# Dual citizen question



## lat19n (Aug 19, 2017)

We are currently retired (since July last year) and reside full time outside the US. We have submitted our paperwork to obtain citizenship in Mexico and awaiting final word. 

The only income we obtain outside the US is bank/investment interest. We have to pay a tax of 0.6% on any interest we get here. In fact that is taken at the time that interest is obtained (we never see it). We were told when we first arrived here that as long as we had no 'earned income' here we need not file a tax return - simply report everything to the US and file a US tax return - which is what we have done.

But - does any of that change if/when we obtain dual citizenship ? 

Since we have never filed a tax return in Mexico - in fact we do not even have an RFC (like a social security number) - I never felt it fair of us to file for FEIC with the IRS. But now I see the other side of the argument. If we are Mexican citizens perhaps THEY are more entitled to our taxes - even for the interest we earn on our US savings...

Any thoughts appreciated.


----------



## Bevdeforges (Nov 16, 2007)

Normally speaking, you file your "main" income taxes with the country in which you are currently resident. It's only the US where you are required to file full resident income tax returns no matter where in the world you live. 

So, taking Mexican nationality doesn't change anything at all about your need to file a US return. (And on that return you are supposed to declare your worldwide income.)

I'm not familiar with the Mexican tax system, but I suspect you need to at least file a return of some sort based on your residence there. And you'll have to consult the US- Mexican tax treaty for the details on which sources of income are taxed by which jurisdiction.
Cheers,
Bev


----------



## lat19n (Aug 19, 2017)

Thanks for the reply and excuse this personal question.

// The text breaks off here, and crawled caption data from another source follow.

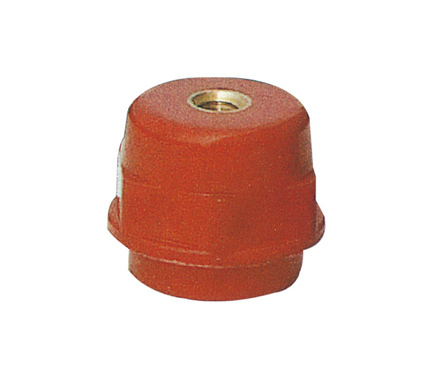 Busbar Insulator SM25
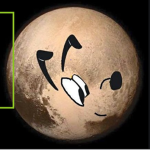 The Pluto Fun Group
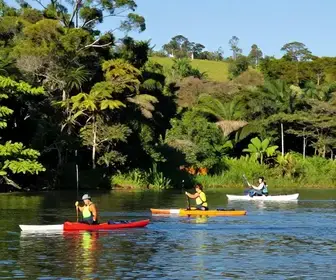Melhores opções de turismo náutico em Avaré: 14 lugares imperdíveis Melhores opções de turismo náutico em Avaré: 14 lugares imperdíveis
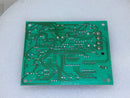 Nordyne 1185-83-200 Furnace Control Board 1185-201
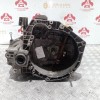Cutie de viteze manuala 5 trepte Lancia Lybra 2.4JTD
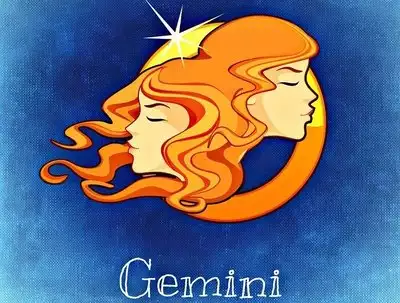 Gemini Daily Horoscope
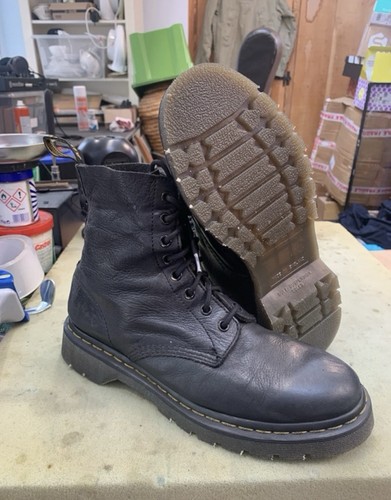 Drmartens 1490 softy leather - 1490,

Are you a dual citizen ? Do you give any monies you may earn on your US holdings to France ? How about if you are not a French citizen ? Do they know of your US holdings ?

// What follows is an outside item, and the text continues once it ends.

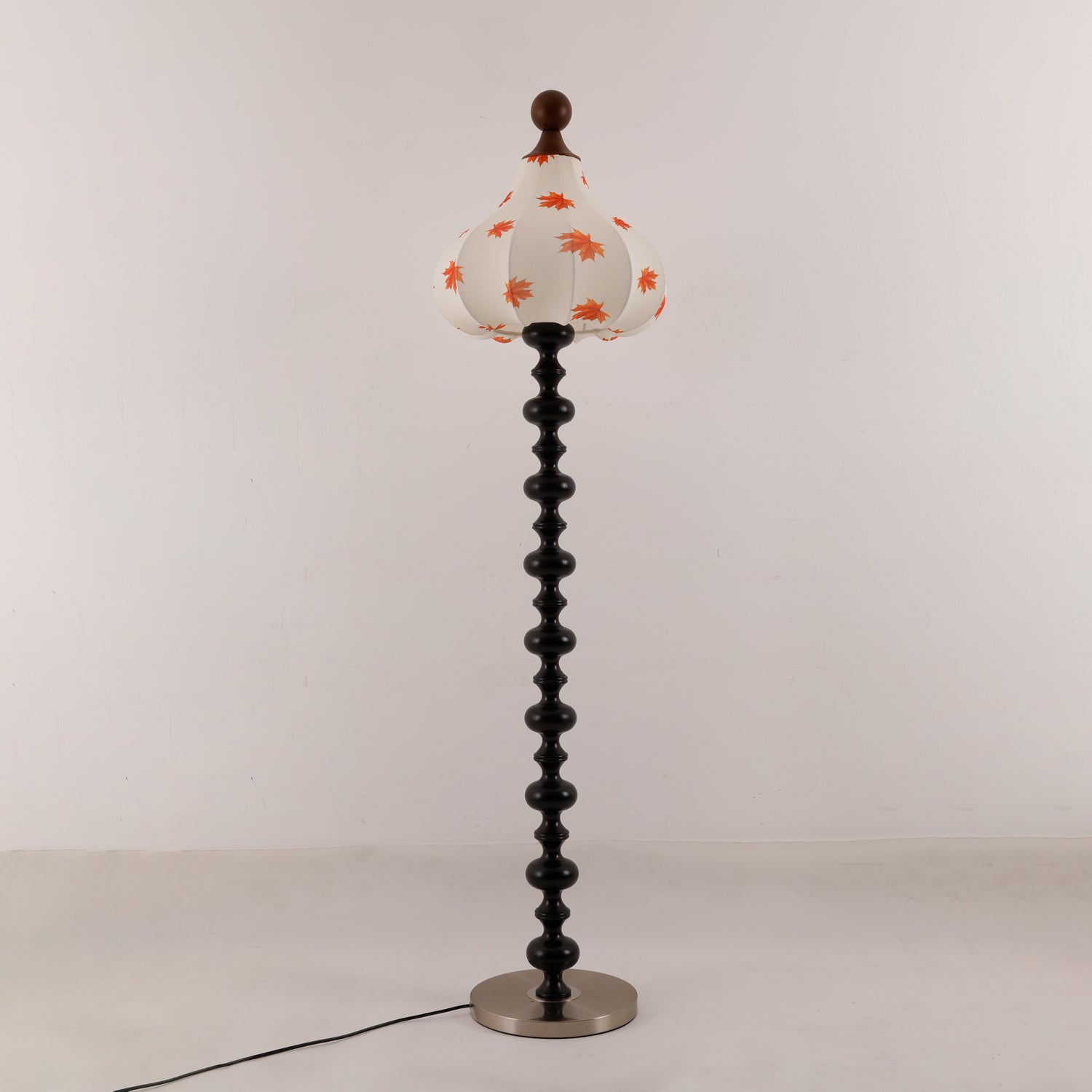 Olivia Floor Lamp - Blowlighting
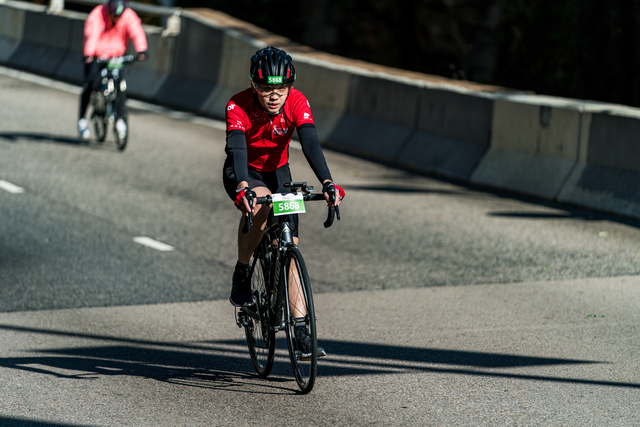 30km 1025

I am not trying to cheat anyone - just trying to do what feels right ...


----------



## Bevdeforges (Nov 16, 2007)

Yes, I am a dual national. The French tax laws require reporting of worldwide income, too - though the exact figures differ between what I report to the US and what I report to France, due to various factors and allowances in the two sets of tax laws.

Under the terms of the US-France tax treaty, certain items are taxed by one side or the other, and there are specific procedures to invoke the provisions to eliminate a double taxation. These, however, vary by the tax treaty.
Cheers,
Bev


----------



## lat19n (Aug 19, 2017)

Well it would appear that the US<->Mexico tax relationship if very similar to the US<->France relationship.

Doing a quick read - our filing requirements *might* have changed when we purchased our house in Mexico. Just like the US (and apparently France), Mexico taxes on worldwide income. Sure there is the provision for no double taxation.

When we first arrived here and asked all our tax related questions we were renters with very little 'interest' income. 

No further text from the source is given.